Luffy is not a liberator and he's not an altruistic hero, he doesn't go from island to island aiming to save people, and if you think he wanted to, then please remember Fishmen Island and how unhappy he was with the idea of being a hero:
And now if you think Luffy changed since then because Dressrosa happened, then please remember what he asked of Momonosuke in Wano:
Yep, that's right. Luffy still *doesn't have any interest* in becoming a hero. If you think he's alright with that and changed his mind, then you're just not paying attention to him, sorry to say that. Luffy has been pretty consistent about this too and now he declared it yet again in Elbaf. It's the third time already.
You just think it's not a big deal because he so easily changed his mind in Fishmen Island, but it happened only because he had an actual reason to do that. Jimbei promised Luffy all the meat he wants. He gave him a *personal reason* to act like a hero, which is why Luffy agreed. And he did the same in Dressrosa. He wouldn't liberate that country if he didn't get attached first to Law and Rebecca (yes, in this order), and his crew to tontattas. They always do it for someone particular, for their friends. It's the same in Wano too, Luffy's constant motivation is Tama, Momo and Kinemon. He wants them to be happy, most of all, and he even says as much when he defeats Kaido: "I want a world where all of my friends can eat as much as they like".
There, he doesn't do it altruistically because he hates oppresion and villains who thrive on pain of common people and he can't stand seeing it. Yes, he probably thinks it's unfair, but he also grew up in Goa Kingdom, the very definition of unfair regime. He saves oppressed people only when they are his friends or has some other personal interest involved. He defeats the Marine base in Shells Town for Koby (and Zoro, later). He defeats Don Krieg so he can repay his food debt to Baratie. He defeats Arlong for Nami. He fights Wapol for Chopper (who saved Nami) and who he already considers his friend because of that. He fights for the Giants (Little Garden) and Vivi (Alabasta), Conis (Skypiea), Robin (Water 7 and Enies Lobby), Brook (Thriller Bark), Hachi (Sabaody) etc. Though, he does make friends rather easily, so usually it's not that big of a deal. But he isn't going out of his way to places he reads about in the newspapers that need to be liberated, he instead cares more for his own dream. He doesn't enter a certain island with the idea in mind that goes like "if I see some injustice here, I'm gonna bring this shit down". It's the other way around. He makes friends and realizes they're unhappy.

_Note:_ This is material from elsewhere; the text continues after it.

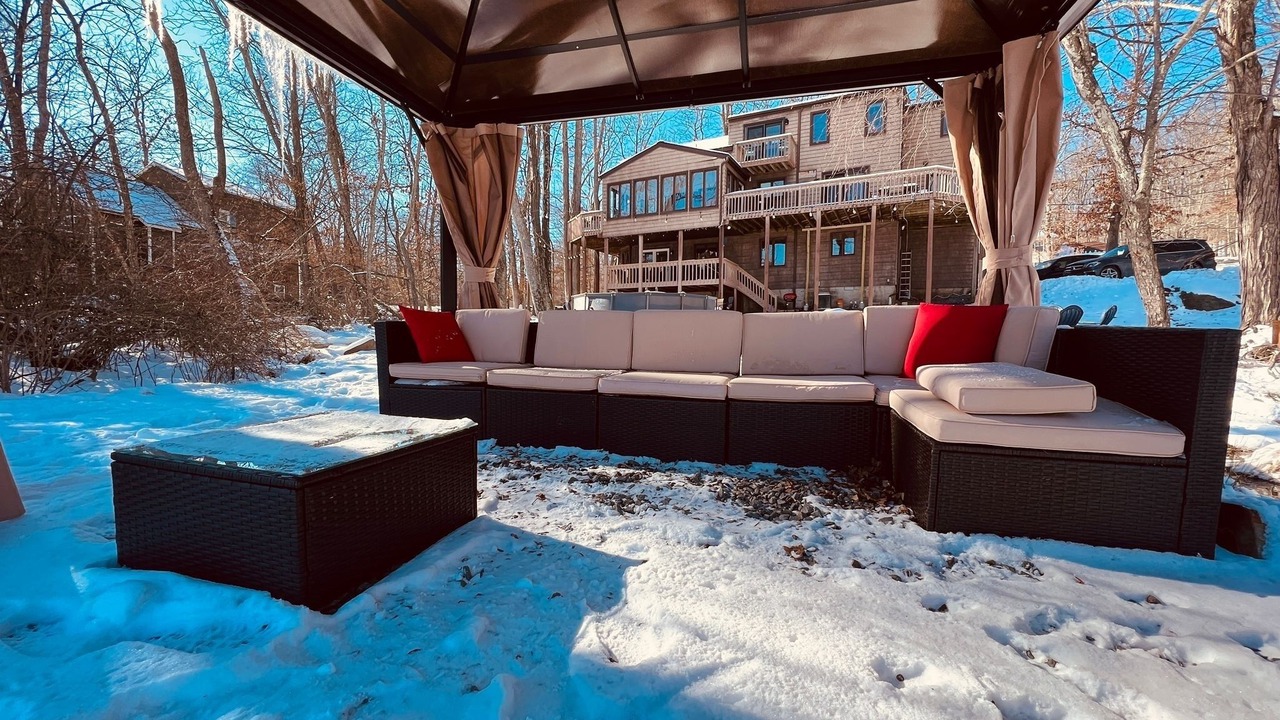 Photo of Others in East Stroudsburg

He wants them to be happy again and to live without regrets, and that's why he brings the shit down, whatever it is that makes people he cares about feel so unhappy. Because he thinks this is at least something he can do for his friends. Luffy doesn't think he can do a lot of things, he can't do much at all, but he can do one thing: beat up a guy when needed.
He knows how regret feels like ever since he believed Sabo died, he's not gonna sit there and do nothing next time something like this happens. That's why it's so important for him, to make sure his friends are happy. And that's why he beats up people and liberates countries. It's not for justice, he simply wants his friends to be happy.
But wait a moment, Luffy also wants freedom. Yes, he does. He wants to be the King of the Pirates, because for him it means to be free. And that's how he actually speaks about Nika as well:
He wants the freedom for himself. Isn't it funny that he thinks he already achieved it though?
And before you're disgusted by how selfish Luffy actually is, hear me out: Luffy is simply not a martyr. He won't die or sacrfice himself for the world to liberate it. He will instead die for the world if he thinks that will make his friends happy. Preferably though, he would want to survive and eat that meat with them, and be happy together.
Still, if you want him to be a liberator of a whole world it is actually possible, you just need to make it personal for Luffy, like I suggested. For example, put a person or multpile people who want to save/destroy the world (whichever option you fancy) on Luffy's crew. Luffy always cares for dreams of his crewmates and will always support them (because fullfilling their dreams will make them happy), so he would become a liberator if that helps them. But he would do it for them, not for the world.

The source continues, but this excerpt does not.